I'm sitting a stones throw from the Santa Monica Pier waiting for a 9:00 breakfast meeting. Although I'm originally from California, I'm a Northern Californian, and while this is the Pacific Ocean, it's not the part I know. Kind of like you can know someone's face but not the back of their head.

Probably the oddest thing about the beach is the fact they're grooming it like a snowfield. There's a John Deere tractor with what looks like discs roaming around the beach, scraping away the footprints and tire tracks which otherwise litter the beach. I don't know if that's because the sand gets packed down from 11 million people in LA or if it's just cosmetic.

I chose my lodging in this semi-exotic locale because it was fairly cheap -- hotels in Santa Monica seem to average around $250-300 a night, mine was $169. While it's a little funky, it's comfortable enough and a nice view of the water plus a window into the courtyard. A short walk brings me to the Casa del Mar, a swanky hotel, where I'm meeting a couple people about a project.

This trip does get marks for doing the stupidest thing ever on travel. I booked my hotel over the phone and gave them all my contact info. In this digital age I just expect to get a confirmation email. It wasn't until the night before that I realized that not only did I not get a confirmation, but I didn't write down the name of the hotel.

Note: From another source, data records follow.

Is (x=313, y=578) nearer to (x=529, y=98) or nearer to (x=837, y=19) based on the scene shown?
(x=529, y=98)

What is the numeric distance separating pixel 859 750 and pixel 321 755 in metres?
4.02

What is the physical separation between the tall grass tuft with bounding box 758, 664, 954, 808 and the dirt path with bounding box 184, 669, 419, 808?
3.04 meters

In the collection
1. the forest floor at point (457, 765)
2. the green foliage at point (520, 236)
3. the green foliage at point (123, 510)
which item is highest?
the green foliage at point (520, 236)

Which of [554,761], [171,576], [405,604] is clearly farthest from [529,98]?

I figured that I could just search Google the same way and find the place, but none of them were looking familiar online. So I had my colleague drive me up and down the main drag and I still didn't spot it. So I finally got a connection, logged back into my machine at the office, went through my Internet history on that computer, and found it. I think this tops my missing my flight in DC because I was two hours early...

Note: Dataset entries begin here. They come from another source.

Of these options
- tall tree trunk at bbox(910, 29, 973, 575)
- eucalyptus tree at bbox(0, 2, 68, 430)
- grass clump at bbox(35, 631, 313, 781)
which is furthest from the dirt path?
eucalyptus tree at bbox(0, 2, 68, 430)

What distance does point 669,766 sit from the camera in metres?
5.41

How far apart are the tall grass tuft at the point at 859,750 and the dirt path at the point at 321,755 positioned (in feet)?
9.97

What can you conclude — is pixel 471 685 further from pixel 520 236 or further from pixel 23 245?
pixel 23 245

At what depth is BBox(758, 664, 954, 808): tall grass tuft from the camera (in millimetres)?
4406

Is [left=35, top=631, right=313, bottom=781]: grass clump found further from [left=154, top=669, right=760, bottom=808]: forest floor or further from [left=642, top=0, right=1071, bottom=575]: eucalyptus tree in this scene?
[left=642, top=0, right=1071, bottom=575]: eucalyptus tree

As usual, I'm traveling because of business -- a series of meetings in conference rooms and over meals in LA with prospects and money people. It's a productive trip, and less surreal than these trips usually feel. While I'm not a native southern Californian, I'm amazed at how familiar this place is -- I've had no problem navigating, people respond my odd humor the way I expect, and while the beach is different and the air feels as if it's been breathed, it's still California.

It's kind of like visiting your cousins -- they do a lot of things the way I expect, but then there are the odd things that throw you (like the time they fed me peanut butter and banana sandwiches). Familiar, but not home.